**Records to process**
══════════════════════════════
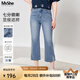 MsShe【微喇牛仔褲】大碼女裝2025新款夏季胖mm顯瘦開叉七分褲子 七分褲-牛仔灰藍(lán)色現(xiàn)貨 3XL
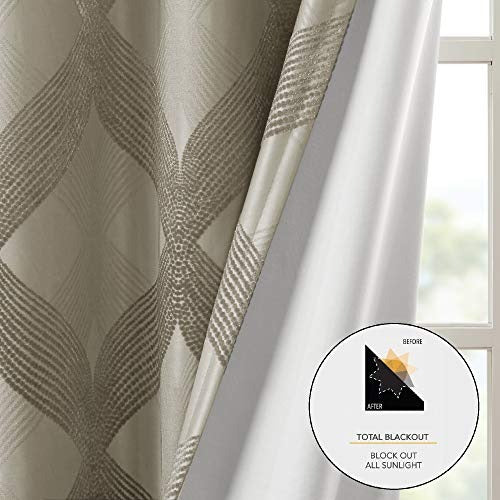 SUNSMART Bentley Total Blackout Curtains Window, Ogee Knitted Jacquard, Grommet Top Living Room Decor, Thermal Insulated Light Blocking Drape for Bedroom and Apartments, 50" x 84", Taupe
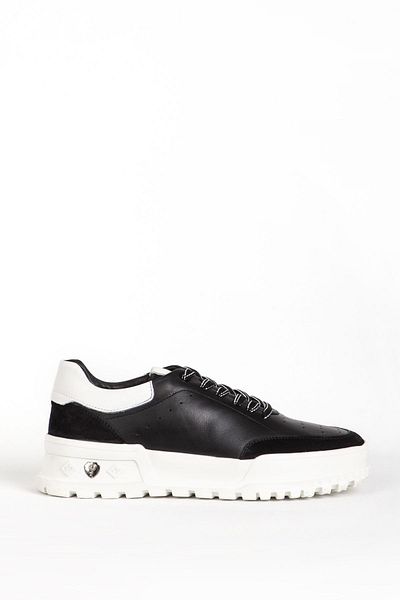 MARCOMEN Men's Air Sneaker - Lace-up, Thick Sole, Genuine Leather, Casual Black Shoes 19559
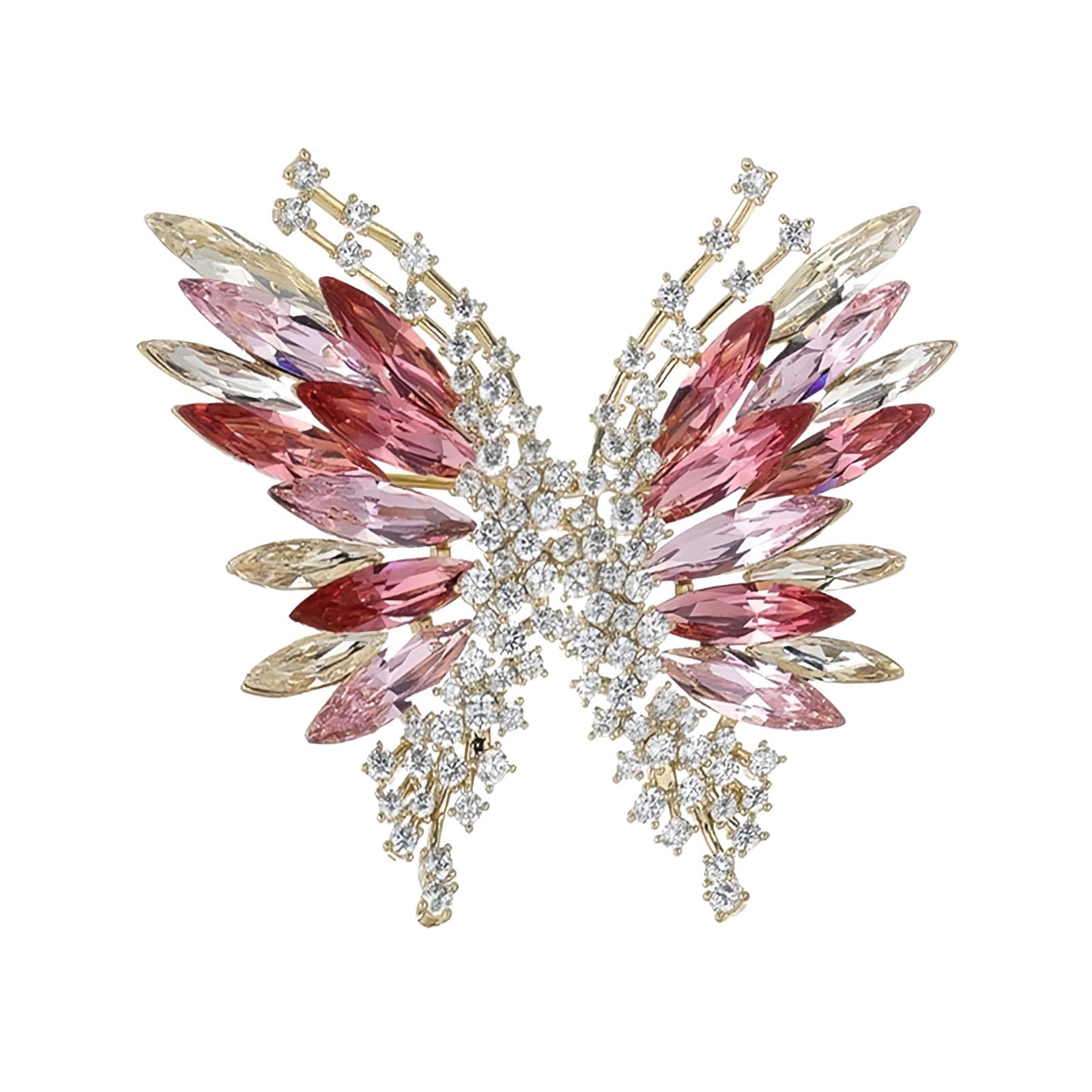 Brooch Pin for Women, Butterfly Brooch, Saree Brooch for Women, Women Blazer and Hijab Scarves, Perfect for Parties and Gifts（Red）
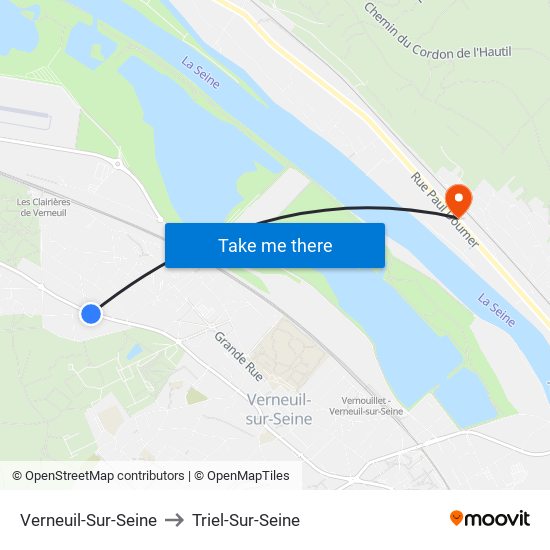 Verneuil-Sur-Seine to Triel-Sur-Seine map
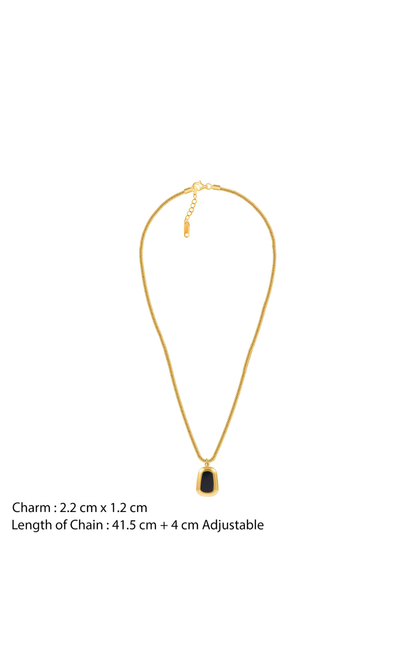 18K Gold Plated Black Onyx Necklace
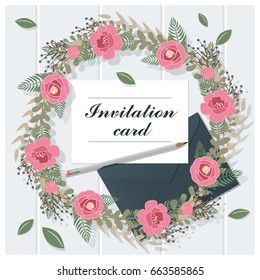 Invitation card collection on wooden background , vector , illustration 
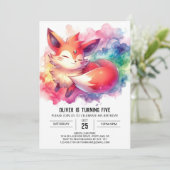 Invitation Jouer aquarelle Fox Anniversaire (Debout devant)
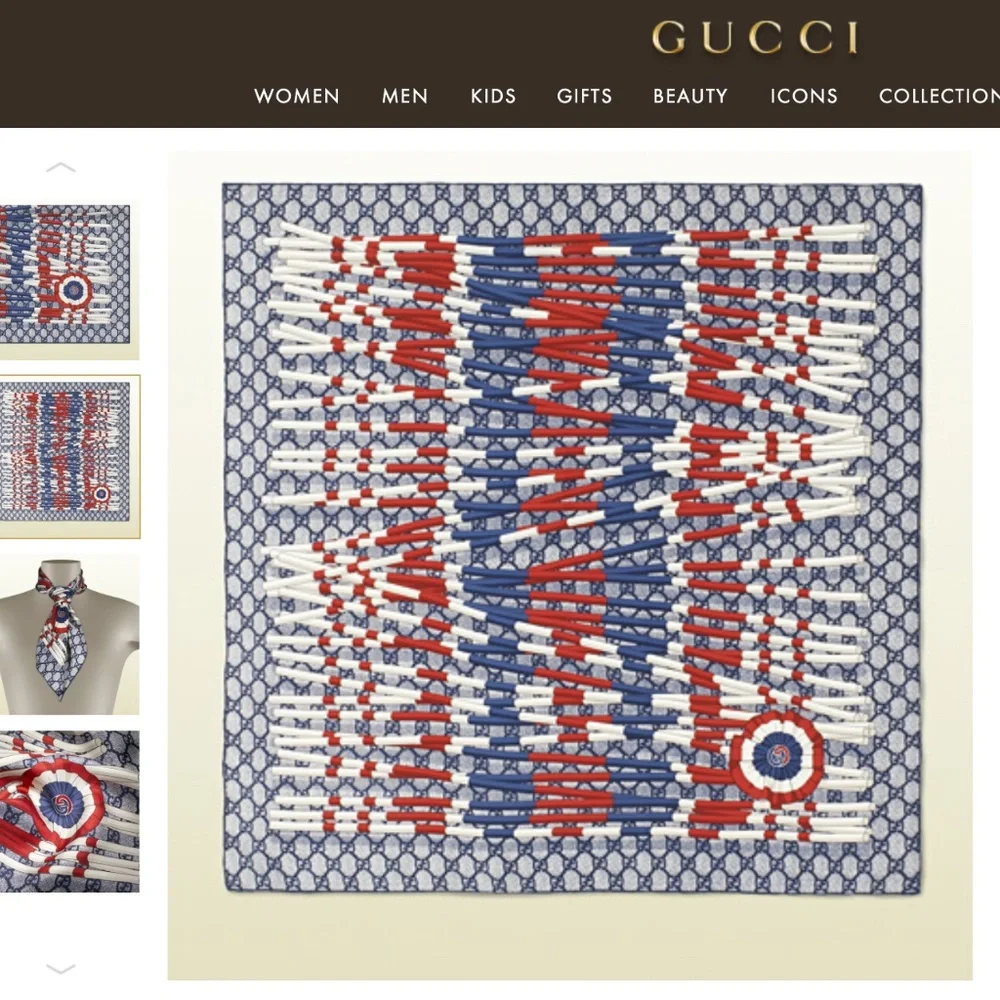 New Gucci Scarf Logo GG Print Club WEB Blue Silk Wrap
══════════════════════════════
**Task details**
Set down each entry again exactly as written. Pictures stay out.

**Reply**
 MsShe【微喇牛仔褲】大碼女裝2025新款夏季胖mm顯瘦開叉七分褲子 七分褲-牛仔灰藍(lán)色現(xiàn)貨 3XL
 SUNSMART Bentley Total Blackout Curtains Window, Ogee Knitted Jacquard, Grommet Top Living Room Decor, Thermal Insulated Light Blocking Drape for Bedroom and Apartments, 50" x 84", Taupe
 MARCOMEN Men's Air Sneaker - Lace-up, Thick Sole, Genuine Leather, Casual Black Shoes 19559
 Brooch Pin for Women, Butterfly Brooch, Saree Brooch for Women, Women Blazer and Hijab Scarves, Perfect for Parties and Gifts（Red）
 Verneuil-Sur-Seine to Triel-Sur-Seine map
 18K Gold Plated Black Onyx Necklace
 Invitation card collection on wooden background , vector , illustration 
 Invitation Jouer aquarelle Fox Anniversaire (Debout devant)
 New Gucci Scarf Logo GG Print Club WEB Blue Silk Wrap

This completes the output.